Modelling: Holt Winters
holt_model <- HoltWinters(train_batam)
holt_model
## Holt-Winters exponential smoothing with trend and additive seasonal component.
##
## Call:
## HoltWinters(x = train_batam)
##
## Smoothing parameters:
## alpha: 0.2631331
## beta : 0.07898211
## gamma: 0.3856263
##
## Coefficients:
## [,1]
## a 126336.3359
## b 1055.1906
## s1 -3467.6148
## s2 -10731.8628
## s3 6033.6144
## s4 -6185.1665
## s5 -157.5064
## s6 16694.0424
## s7 -9702.7124
## s8 -2335.0155
## s9 -5171.0284
## s10 -656.0962
## s11 3888.2640
## s12 37811.6980
Forecasting Using Holt Winters Model
for_holt<-forecast(holt_model, h=12)
Evaluating Holt Winters Model
accuracy(for_holt$mean, test_batam)
## ME RMSE MAE MPE MAPE ACF1 Theil's U
## Test set -6545.293 11855.97 10367.56 -5.507612 8.181812 -0.089083 0.5875311
Best Model and Conclusion
By comparing the evaluation result of two models, we can finally choose the best model by looking at MAPE and RMSE value.

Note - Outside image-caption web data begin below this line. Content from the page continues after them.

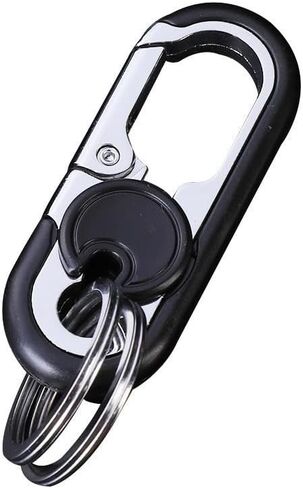Car Keychain Heavy Duty Metal Keyring Double Key Rings Carabiner for Men Women 3 Pcs in Kuwait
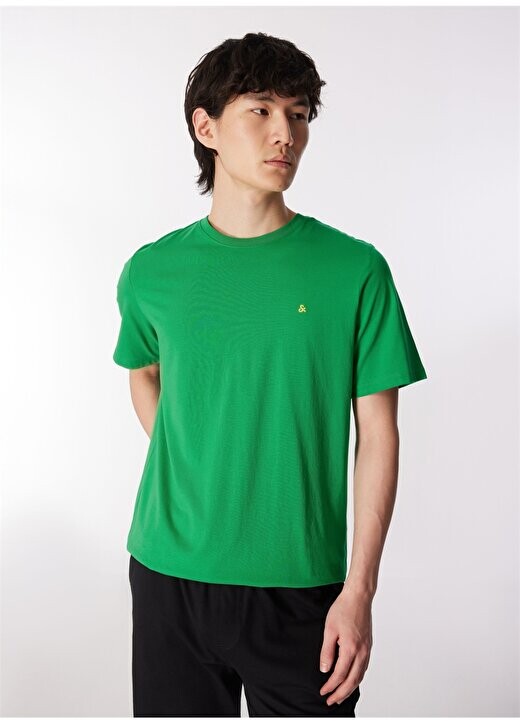 

Зеленая мужская футболка с круглым вырезом JJEPAULOS TEE SS CREW NECK NOOS Jack & Jones, зеленый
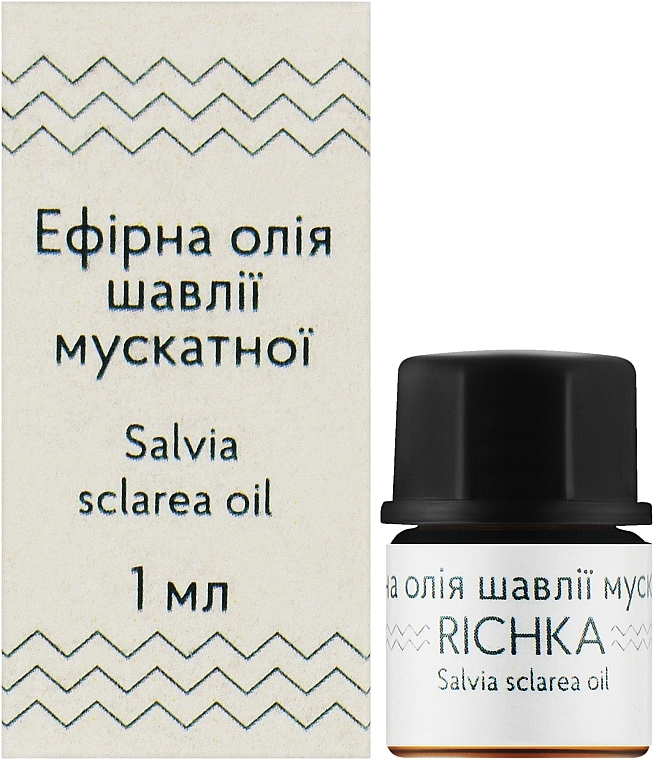 Olejek eteryczny z szałwii muszkatołowej - Richka Salvia Sclarea Oil — Zdjęcie N2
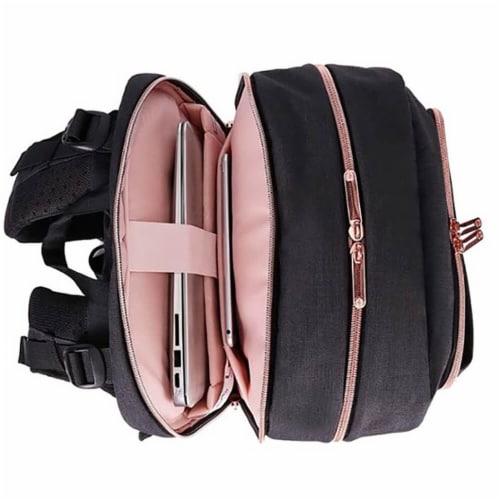 Swissdigital SD100601 Katy Rose Backpack Black And Rose Gold 1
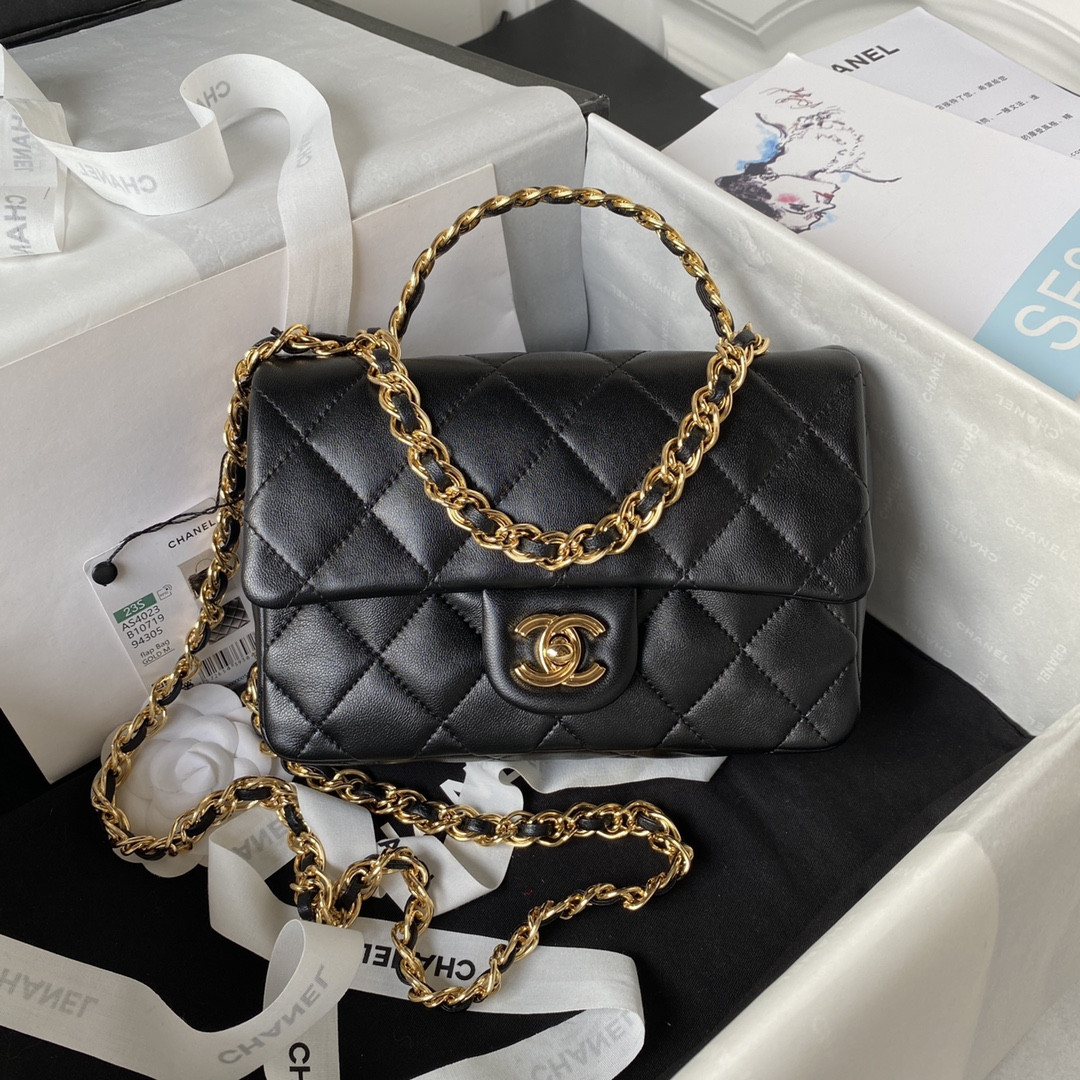 Chanel Flap Handbag 13x21x8cm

accuracy(for_arima$mean, test_batam)
## ME RMSE MAE MPE MAPE ACF1 Theil's U
## Test set -7418.614 12755.93 11137.22 -6.184633 8.765224 -0.2394782 0.6217098
accuracy(for_holt$mean, test_batam)
## ME RMSE MAE MPE MAPE ACF1 Theil's U
## Test set -6545.293 11855.97 10367.56 -5.507612 8.181812 -0.089083 0.5875311
Result: From the result above, we can see that ARIMA seasonal model is better than Holt Winters model in forecasting the data of number of tourist arrival to Indonesia through Batam gate with the value of MAPE and RMSE are 11.95% and 16486.05 respectively.
References
- Badan Pengusahaan Batam. 2021. Destinasi Wisata. URL: https://bpbatam.go.id/tentang-batam/destinasi-wisata/. Retrieved June 12nd 2022
- Badan Pusat Statistik. 2016. Jumlah Wisatawan Mancanegara yang Datang. URL: https://kepri.bps.go.id/indicator/16/29/7/jumlah-wisatawan-mancanegara-yang-datang.html. Retrieved June 12nd 2022
- Badan Pusat Statistik. 2009. Jumlah Wisatawan Mancanegara (Wisman) Desember 2008 Naik 16,46 Persen. URL: https://www.bps.go.id/pressrelease/2009/02/02/728/jumlah-wisatawan-mancanegara--wisman---desember-2008-naik-16-46-persen.html. Retrieved June 12nd 2022
- Naufal, M. F. 2017. FORECASTING NUMBER OF FOREIGN TOURISTS ARRIVAL TO INDONESIA BASED ON ENTRANCE USING SUPPORT VECTOR MACHINE (SVM) METHOD. Final Project. Faculty of Technological Information, Institute of Technology Sepuluh Nopember. Indonesia.